Nowadays, plastic is everywhere—in our homes, in our businesses, in our landscapes, in our oceans. It is a fact of everyday life. Because of its inability to breakdown, plastic has been called the devil’s resin. I am trying, with limited success, to reduce the amount of plastic that I use, and I am sure this is true for a lot of readers.
Recently, Jan, from the blog The Snail of Happiness, wrote a post about plastic and how it might be used appropriately. She has agreed to let me link to this thought-provoking post.
Here are the first two paragraphs from Jan’s piece:
Today I want to discuss plastic… it’s in the news a lot at the moment and it is always portrayed as being evil. Well, I want to say that I disagree. Please stick with me on this and I’ll explain why I’m worried about the huge number of “plastic-free [insert town name here]” initiatives that are springing up and the way that plastic is presented currently in the media.
Language is very important, what we call things affects the way we perceive them. Call it “global warming” and the immediate image (in the UK at least) is nicer summers; call it “climate change” and that just means things are going to be different, and, after all, we all know that “a change is as good as a rest”; but call it “catastrophic climate breakdown” and there are no comfortable images to hide behind. See what I mean?
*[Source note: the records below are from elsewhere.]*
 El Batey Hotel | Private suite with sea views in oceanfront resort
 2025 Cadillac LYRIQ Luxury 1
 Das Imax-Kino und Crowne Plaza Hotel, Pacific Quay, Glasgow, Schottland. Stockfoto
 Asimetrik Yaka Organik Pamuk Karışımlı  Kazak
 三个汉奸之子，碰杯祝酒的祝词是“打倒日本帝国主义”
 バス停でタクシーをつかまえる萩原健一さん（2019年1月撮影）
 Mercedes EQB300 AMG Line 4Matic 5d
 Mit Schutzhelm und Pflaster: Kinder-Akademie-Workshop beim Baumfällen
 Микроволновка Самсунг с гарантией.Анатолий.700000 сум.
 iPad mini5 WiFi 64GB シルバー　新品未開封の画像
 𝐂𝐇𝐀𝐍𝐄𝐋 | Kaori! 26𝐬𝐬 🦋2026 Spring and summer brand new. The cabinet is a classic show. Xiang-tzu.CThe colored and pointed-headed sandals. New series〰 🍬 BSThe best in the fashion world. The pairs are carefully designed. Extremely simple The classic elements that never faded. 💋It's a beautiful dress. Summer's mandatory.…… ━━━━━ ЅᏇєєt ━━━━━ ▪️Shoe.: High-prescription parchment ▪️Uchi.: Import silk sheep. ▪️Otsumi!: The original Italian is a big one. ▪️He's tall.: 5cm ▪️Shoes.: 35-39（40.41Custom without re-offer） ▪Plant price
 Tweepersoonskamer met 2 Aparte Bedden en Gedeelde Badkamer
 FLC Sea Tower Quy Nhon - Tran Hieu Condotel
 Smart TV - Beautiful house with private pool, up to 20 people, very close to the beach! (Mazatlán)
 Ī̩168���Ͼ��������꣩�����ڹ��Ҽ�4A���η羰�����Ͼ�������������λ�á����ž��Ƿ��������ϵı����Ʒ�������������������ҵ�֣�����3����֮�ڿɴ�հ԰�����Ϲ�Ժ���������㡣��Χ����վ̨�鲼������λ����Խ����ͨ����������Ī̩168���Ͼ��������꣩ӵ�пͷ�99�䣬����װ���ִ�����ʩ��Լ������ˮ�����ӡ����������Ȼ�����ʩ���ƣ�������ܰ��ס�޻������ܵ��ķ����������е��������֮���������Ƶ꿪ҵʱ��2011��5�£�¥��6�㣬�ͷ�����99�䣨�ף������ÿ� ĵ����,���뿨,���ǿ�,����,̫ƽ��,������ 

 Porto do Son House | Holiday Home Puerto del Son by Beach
In some ways, Jan has made me reconsider my position on plastic. But her piece has also emphasized what I think is the need for a circular economy, where materials are seldom discarded and instead reused for other things. This should be done as locally as possible as shipping trash to China is rubbish. And could local centers, where material is recycled and remade into useful items, actually be a boon to towns and cities? A sort of mini resurgence in manufacturing? Maybe so.
Anyway, thank you, Jan, for this terrific piece.